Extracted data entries
----------------------------------------
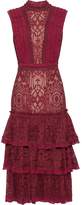 Thumbnail for your product : Jonathan Simkhai Tiered Pleat-trimmed Lace Dress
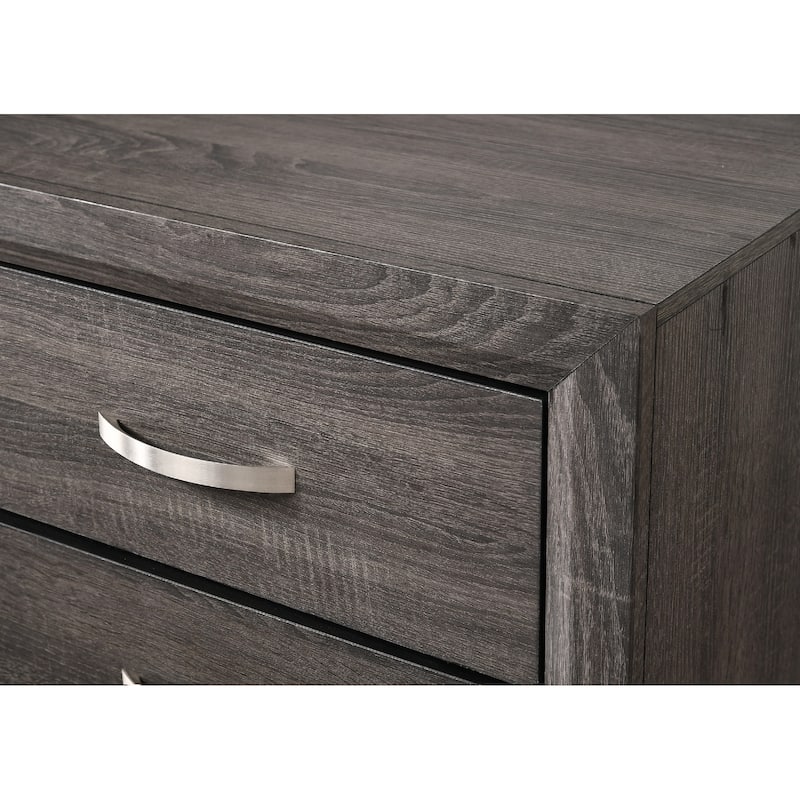 Contemporary 2-Drawer Nightstand End Table Two Storage Drawers Metal Handles Bedroom Living Room Wooden Furniture
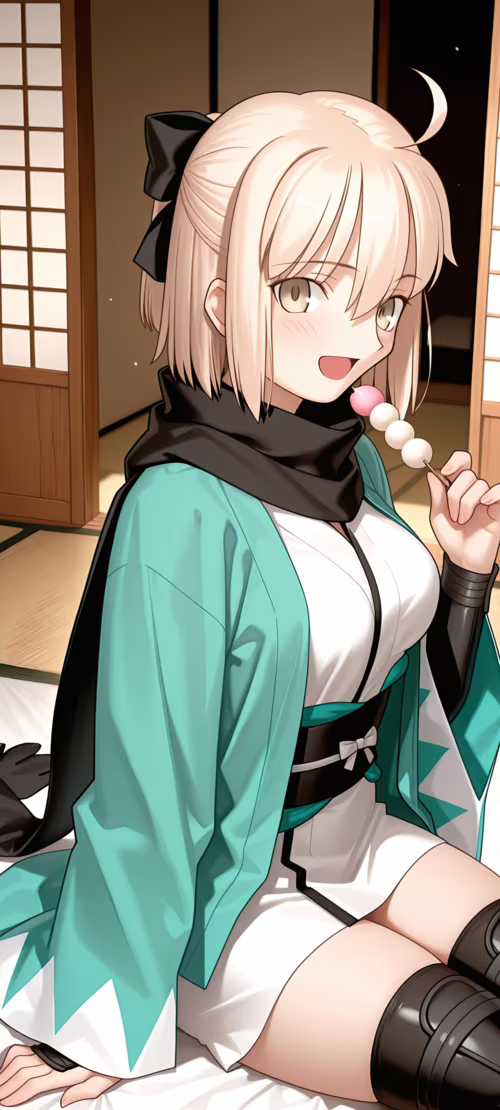 Die Anime-Figur Okita Souji aus Fate/Grand Order, eine junge Frau mit kurzen, blonden...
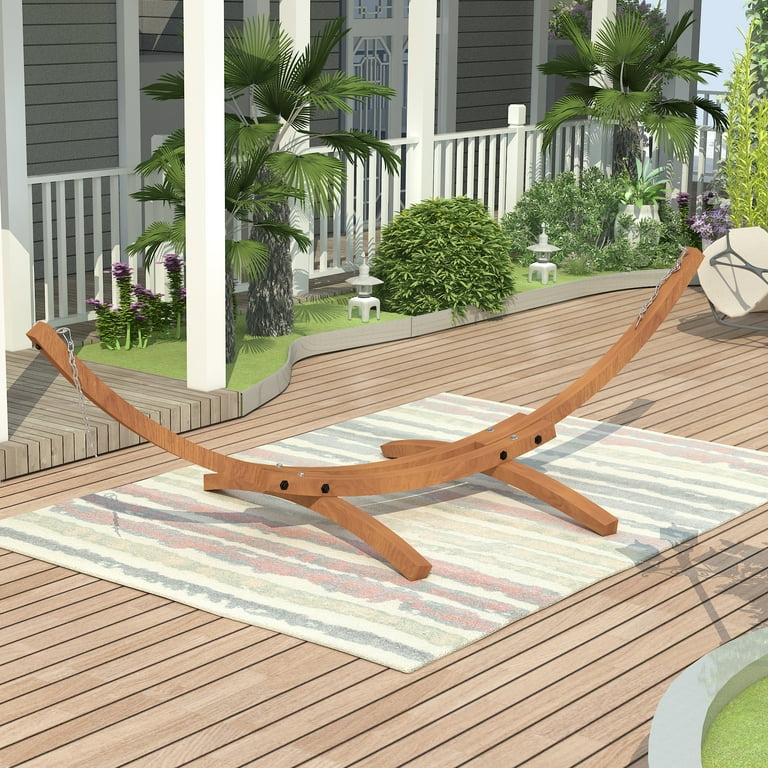Prime Garden 13 Ft Outdoor Patio Hanging Hammock Stand, Powder
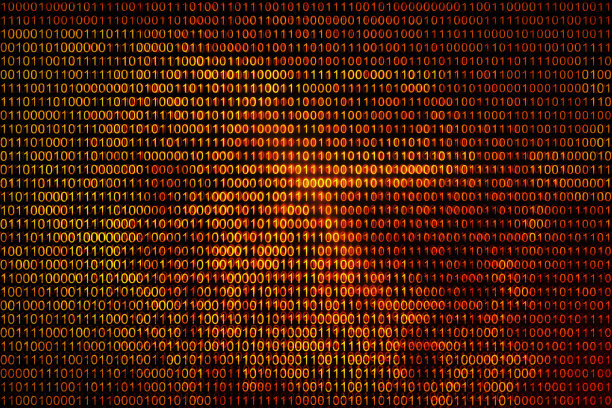 暗铜橙色和黑色背景的数字代码图片下载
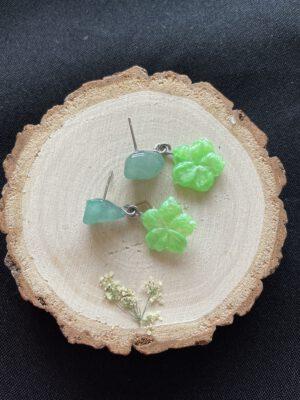 Roestvrijstalen Oorbellen met Aventurijn en Glow in the Dark Lotus Bloemen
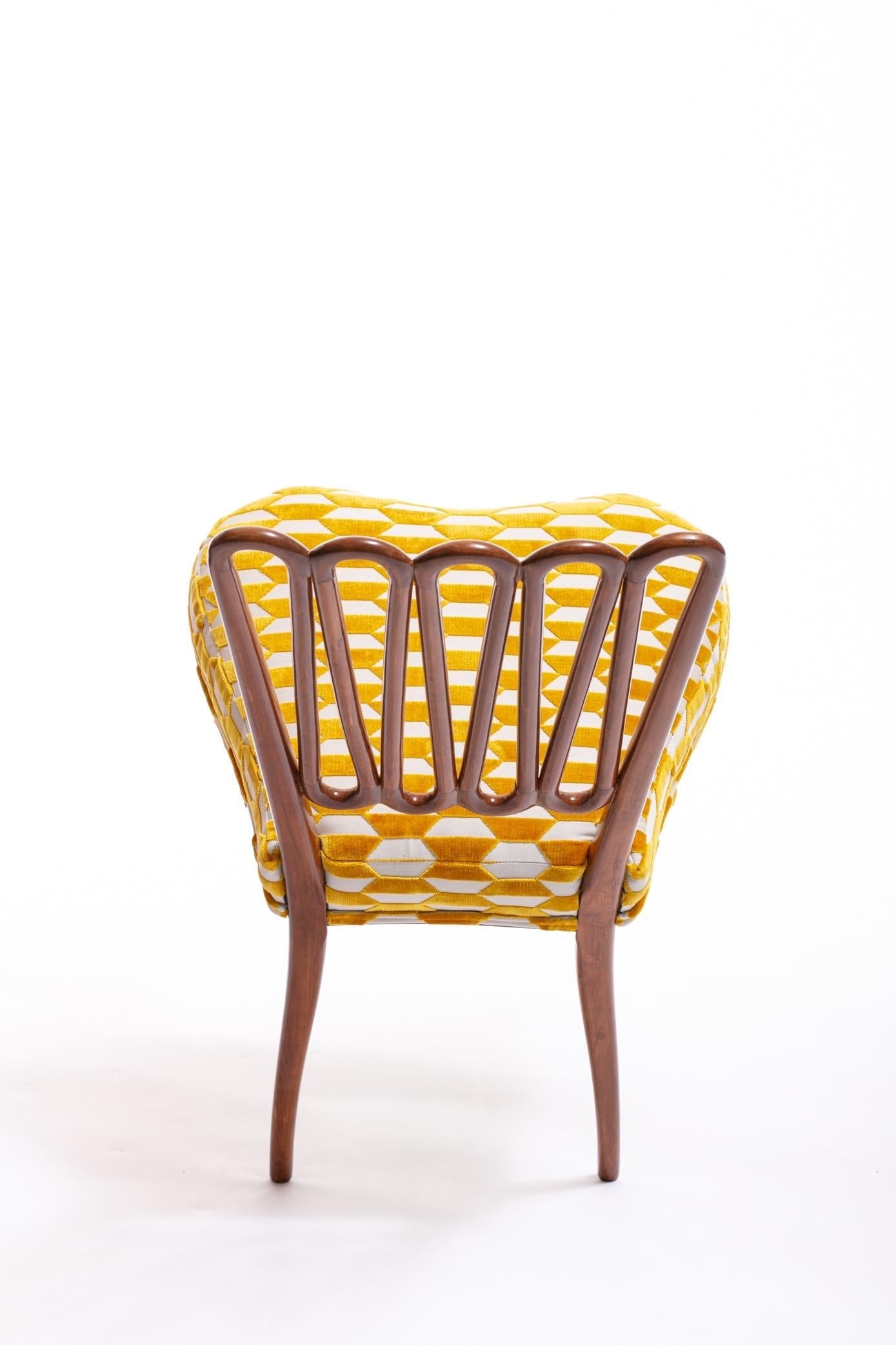 Italian Midcentury Side Chair after Gio Ponti with Gold and Ivory Cut Velvet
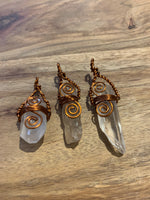 Rough Clear Quartz Copper Wire Wrapped Pendant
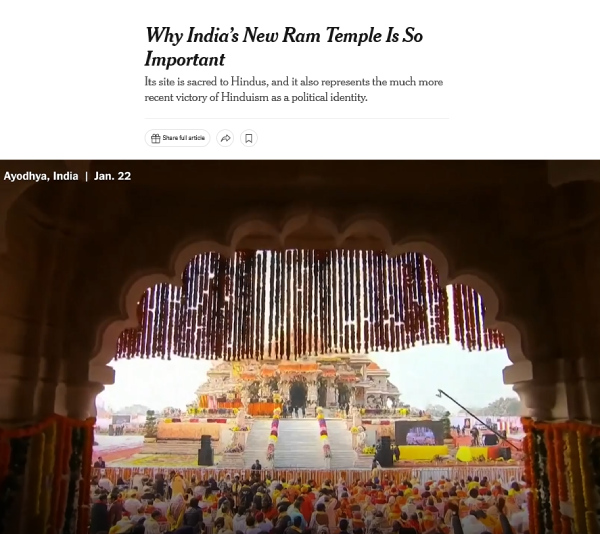 How did International media cover the Ayodhya Ram Mandir inauguration event 
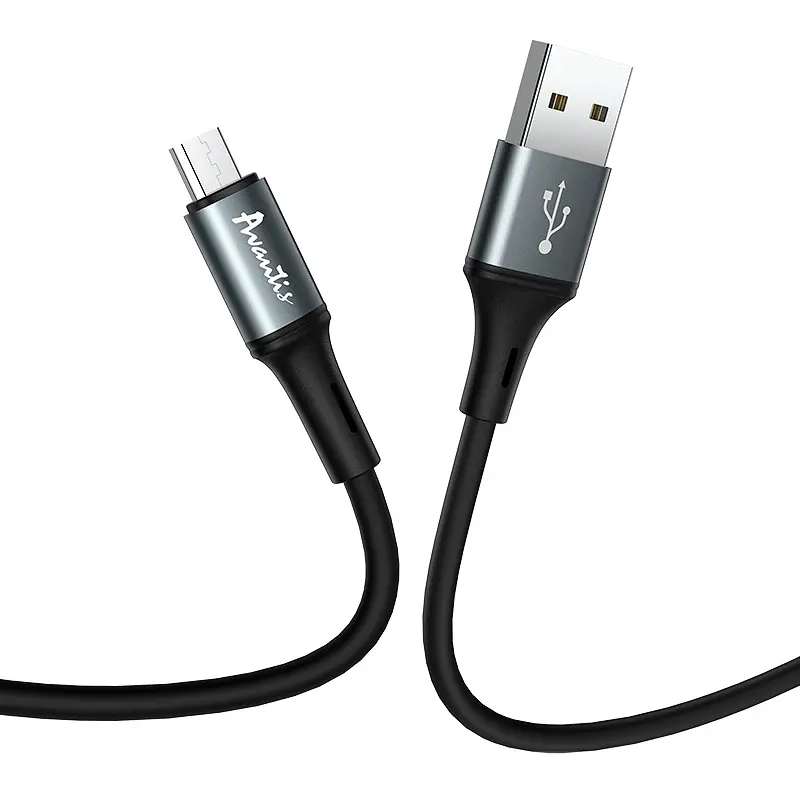 Кабель Avantis AC-80m Cool Silicone USB – Micro- чорний - фото 2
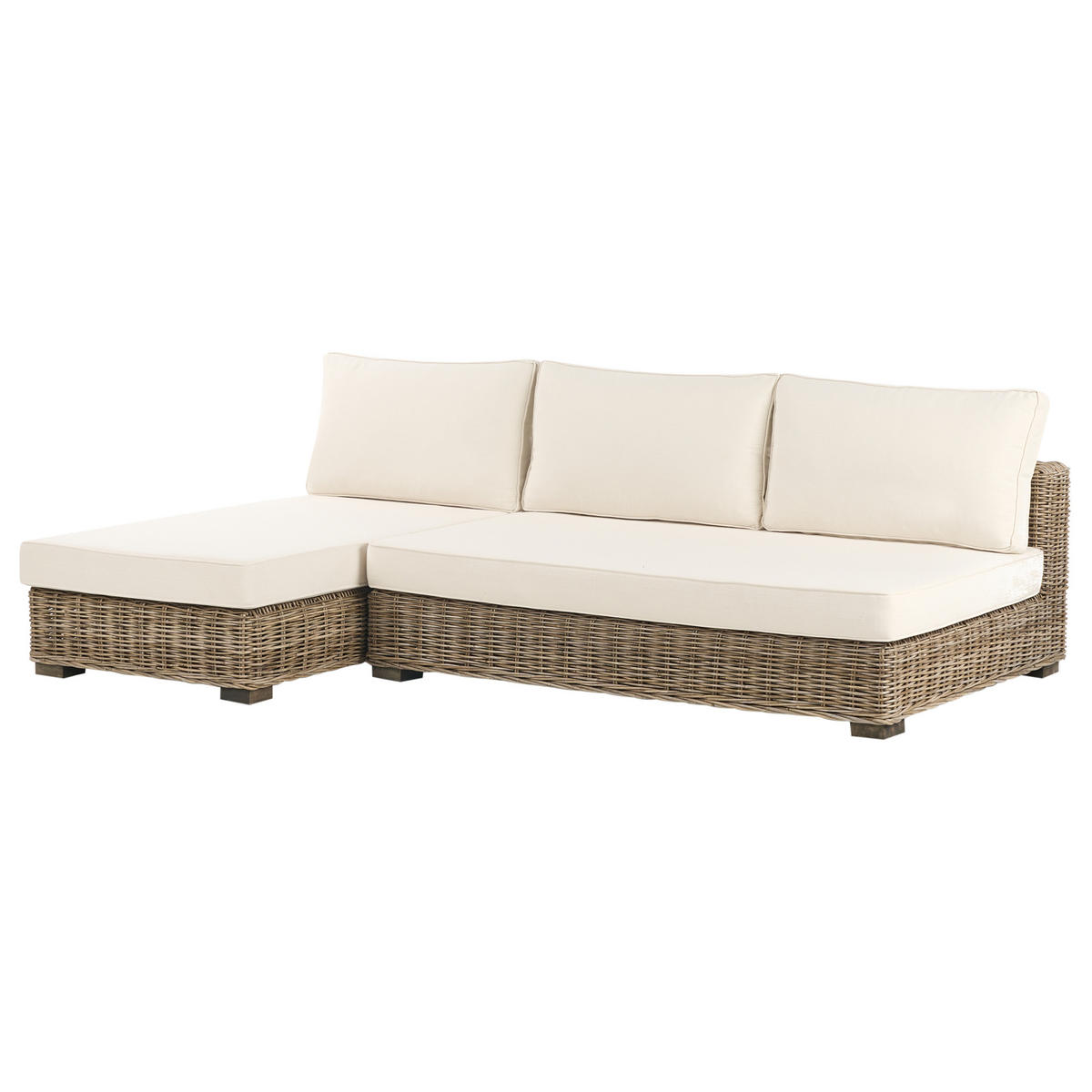 LOUNGE GARNITURA 4-sedežna bela Varallo - siva/bela, naravni materiali - Beliani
----------------------------------------
Work required ->
Output a faithful copy of the data, with each picture left out.

Solution to this exercise ->
 Thumbnail for your product : Jonathan Simkhai Tiered Pleat-trimmed Lace Dress
 Contemporary 2-Drawer Nightstand End Table Two Storage Drawers Metal Handles Bedroom Living Room Wooden Furniture
 Die Anime-Figur Okita Souji aus Fate/Grand Order, eine junge Frau mit kurzen, blonden...
Prime Garden 13 Ft Outdoor Patio Hanging Hammock Stand, Powder
 暗铜橙色和黑色背景的数字代码图片下载
 Roestvrijstalen Oorbellen met Aventurijn en Glow in the Dark Lotus Bloemen
 Italian Midcentury Side Chair after Gio Ponti with Gold and Ivory Cut Velvet
 Rough Clear Quartz Copper Wire Wrapped Pendant
 How did International media cover the Ayodhya Ram Mandir inauguration event 
 Кабель Avantis AC-80m Cool Silicone USB – Micro- чорний - фото 2
 LOUNGE GARNITURA 4-sedežna bela Varallo - siva/bela, naravni materiali - Beliani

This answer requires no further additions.